Start of Material for this exercise

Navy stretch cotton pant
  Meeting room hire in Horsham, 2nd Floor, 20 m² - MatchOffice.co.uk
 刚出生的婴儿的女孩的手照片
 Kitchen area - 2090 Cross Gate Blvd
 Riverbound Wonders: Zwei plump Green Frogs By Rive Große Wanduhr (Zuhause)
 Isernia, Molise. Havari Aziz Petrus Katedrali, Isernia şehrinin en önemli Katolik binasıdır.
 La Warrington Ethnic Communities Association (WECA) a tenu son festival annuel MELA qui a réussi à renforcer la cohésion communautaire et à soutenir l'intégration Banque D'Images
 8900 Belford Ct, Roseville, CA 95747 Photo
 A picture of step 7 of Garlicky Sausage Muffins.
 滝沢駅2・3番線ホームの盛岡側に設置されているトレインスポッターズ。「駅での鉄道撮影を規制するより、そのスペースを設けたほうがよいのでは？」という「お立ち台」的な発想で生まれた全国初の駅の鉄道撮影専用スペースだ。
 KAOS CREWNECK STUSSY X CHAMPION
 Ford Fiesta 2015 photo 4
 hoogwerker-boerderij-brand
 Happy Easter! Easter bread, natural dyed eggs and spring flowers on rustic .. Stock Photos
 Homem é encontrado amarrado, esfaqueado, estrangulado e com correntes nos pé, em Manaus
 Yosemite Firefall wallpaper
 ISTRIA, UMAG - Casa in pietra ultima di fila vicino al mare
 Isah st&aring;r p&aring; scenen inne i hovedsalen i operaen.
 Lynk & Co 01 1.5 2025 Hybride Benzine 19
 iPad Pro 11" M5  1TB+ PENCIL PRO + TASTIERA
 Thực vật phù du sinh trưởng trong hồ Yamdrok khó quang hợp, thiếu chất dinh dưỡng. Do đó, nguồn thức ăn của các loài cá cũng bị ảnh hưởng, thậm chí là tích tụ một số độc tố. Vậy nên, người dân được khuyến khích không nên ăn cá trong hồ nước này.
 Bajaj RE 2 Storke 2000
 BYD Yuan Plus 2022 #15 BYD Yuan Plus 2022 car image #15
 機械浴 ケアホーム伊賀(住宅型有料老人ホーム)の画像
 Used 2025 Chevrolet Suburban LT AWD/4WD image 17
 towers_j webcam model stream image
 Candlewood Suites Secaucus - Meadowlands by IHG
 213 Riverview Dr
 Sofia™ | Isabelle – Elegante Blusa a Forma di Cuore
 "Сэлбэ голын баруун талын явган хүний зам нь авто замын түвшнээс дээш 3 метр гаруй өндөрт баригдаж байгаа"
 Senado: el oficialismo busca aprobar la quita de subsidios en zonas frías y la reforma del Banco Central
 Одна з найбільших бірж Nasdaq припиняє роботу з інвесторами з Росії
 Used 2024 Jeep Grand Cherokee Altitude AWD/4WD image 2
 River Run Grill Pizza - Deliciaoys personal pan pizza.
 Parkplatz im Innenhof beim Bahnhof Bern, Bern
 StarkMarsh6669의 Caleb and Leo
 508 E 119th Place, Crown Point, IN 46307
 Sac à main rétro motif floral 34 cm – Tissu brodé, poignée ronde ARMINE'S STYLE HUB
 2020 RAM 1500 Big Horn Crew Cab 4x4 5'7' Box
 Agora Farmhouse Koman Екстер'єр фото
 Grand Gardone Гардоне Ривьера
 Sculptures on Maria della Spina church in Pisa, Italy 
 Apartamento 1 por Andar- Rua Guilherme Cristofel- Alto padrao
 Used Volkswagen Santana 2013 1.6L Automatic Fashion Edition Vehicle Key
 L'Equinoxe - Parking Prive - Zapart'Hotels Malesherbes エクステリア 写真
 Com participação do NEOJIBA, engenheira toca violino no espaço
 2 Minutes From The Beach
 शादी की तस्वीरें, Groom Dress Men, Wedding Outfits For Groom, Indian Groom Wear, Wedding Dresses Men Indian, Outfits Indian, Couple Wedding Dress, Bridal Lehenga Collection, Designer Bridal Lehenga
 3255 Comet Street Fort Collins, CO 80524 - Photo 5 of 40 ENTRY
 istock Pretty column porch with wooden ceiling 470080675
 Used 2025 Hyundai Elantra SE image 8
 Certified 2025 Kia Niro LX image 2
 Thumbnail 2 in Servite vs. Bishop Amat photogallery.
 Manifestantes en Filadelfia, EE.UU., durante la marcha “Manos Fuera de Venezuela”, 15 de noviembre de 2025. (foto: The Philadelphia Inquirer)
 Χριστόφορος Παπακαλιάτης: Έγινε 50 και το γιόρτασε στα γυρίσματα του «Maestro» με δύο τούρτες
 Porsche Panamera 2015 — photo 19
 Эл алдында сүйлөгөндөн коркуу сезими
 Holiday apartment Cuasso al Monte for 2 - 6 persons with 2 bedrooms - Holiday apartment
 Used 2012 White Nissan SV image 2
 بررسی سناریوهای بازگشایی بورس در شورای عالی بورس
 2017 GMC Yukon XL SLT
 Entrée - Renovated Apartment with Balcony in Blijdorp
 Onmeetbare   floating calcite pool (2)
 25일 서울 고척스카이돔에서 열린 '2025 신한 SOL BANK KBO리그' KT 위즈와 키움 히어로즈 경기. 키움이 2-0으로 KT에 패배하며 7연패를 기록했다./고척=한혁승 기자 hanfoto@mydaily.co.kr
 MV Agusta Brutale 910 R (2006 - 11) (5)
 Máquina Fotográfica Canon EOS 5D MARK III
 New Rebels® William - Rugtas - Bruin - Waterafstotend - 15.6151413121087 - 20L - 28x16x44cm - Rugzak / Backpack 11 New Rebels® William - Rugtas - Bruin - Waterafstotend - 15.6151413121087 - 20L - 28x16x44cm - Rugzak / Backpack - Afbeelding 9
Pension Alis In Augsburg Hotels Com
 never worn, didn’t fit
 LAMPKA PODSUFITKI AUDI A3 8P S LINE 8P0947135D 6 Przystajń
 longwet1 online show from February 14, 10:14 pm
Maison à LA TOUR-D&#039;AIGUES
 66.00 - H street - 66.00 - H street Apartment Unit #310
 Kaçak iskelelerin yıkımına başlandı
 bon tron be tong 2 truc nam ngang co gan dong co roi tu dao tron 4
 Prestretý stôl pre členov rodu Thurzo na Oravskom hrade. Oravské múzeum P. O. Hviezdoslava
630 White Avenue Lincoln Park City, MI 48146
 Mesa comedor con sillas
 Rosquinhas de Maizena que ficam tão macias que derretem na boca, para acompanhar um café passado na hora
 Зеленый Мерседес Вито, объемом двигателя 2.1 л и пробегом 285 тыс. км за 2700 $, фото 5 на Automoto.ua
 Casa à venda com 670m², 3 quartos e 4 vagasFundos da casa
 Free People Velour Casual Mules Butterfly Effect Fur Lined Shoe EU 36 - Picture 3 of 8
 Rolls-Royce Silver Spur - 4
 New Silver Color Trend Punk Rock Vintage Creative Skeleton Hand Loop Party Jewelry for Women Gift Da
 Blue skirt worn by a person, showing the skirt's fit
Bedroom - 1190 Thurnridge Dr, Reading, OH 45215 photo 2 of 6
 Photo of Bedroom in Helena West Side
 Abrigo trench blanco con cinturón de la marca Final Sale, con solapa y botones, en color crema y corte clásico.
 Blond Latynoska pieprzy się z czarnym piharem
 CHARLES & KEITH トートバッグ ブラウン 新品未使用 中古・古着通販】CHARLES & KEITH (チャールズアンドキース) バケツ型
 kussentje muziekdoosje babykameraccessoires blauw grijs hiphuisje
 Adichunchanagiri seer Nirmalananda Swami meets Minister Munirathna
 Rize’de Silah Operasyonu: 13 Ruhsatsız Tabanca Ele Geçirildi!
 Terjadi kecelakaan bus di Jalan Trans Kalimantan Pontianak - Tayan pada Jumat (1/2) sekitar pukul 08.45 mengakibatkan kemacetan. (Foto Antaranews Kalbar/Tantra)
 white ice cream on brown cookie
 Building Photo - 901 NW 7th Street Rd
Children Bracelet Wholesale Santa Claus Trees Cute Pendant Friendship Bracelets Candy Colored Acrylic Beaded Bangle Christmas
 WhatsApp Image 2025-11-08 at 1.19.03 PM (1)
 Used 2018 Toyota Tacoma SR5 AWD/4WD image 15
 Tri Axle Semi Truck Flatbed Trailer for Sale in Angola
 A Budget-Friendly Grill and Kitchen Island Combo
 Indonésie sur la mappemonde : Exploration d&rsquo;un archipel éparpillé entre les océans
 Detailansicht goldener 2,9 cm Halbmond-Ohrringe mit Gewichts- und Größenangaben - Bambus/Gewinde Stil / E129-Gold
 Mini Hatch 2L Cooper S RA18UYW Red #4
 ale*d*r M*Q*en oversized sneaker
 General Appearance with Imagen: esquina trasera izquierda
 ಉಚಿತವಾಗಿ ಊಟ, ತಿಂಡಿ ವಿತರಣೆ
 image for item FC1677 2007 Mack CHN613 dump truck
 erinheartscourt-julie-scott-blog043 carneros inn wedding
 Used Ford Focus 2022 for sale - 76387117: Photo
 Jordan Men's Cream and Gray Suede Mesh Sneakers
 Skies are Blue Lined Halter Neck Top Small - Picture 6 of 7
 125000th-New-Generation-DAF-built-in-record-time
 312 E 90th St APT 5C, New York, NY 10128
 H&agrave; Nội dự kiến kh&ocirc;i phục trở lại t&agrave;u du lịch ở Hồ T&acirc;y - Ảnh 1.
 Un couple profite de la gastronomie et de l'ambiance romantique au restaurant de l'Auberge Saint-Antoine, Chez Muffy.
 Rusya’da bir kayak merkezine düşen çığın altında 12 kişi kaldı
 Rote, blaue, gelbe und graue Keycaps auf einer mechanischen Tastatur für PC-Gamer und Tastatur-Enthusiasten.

End of Material for this exercise

> _Exercise aim_:
What lines of the data contain the string "Blue"? List them.

> _Exercise answer_:
 Blue skirt worn by a person, showing the skirt's fit
 Skies are Blue Lined Halter Neck Top Small - Picture 6 of 7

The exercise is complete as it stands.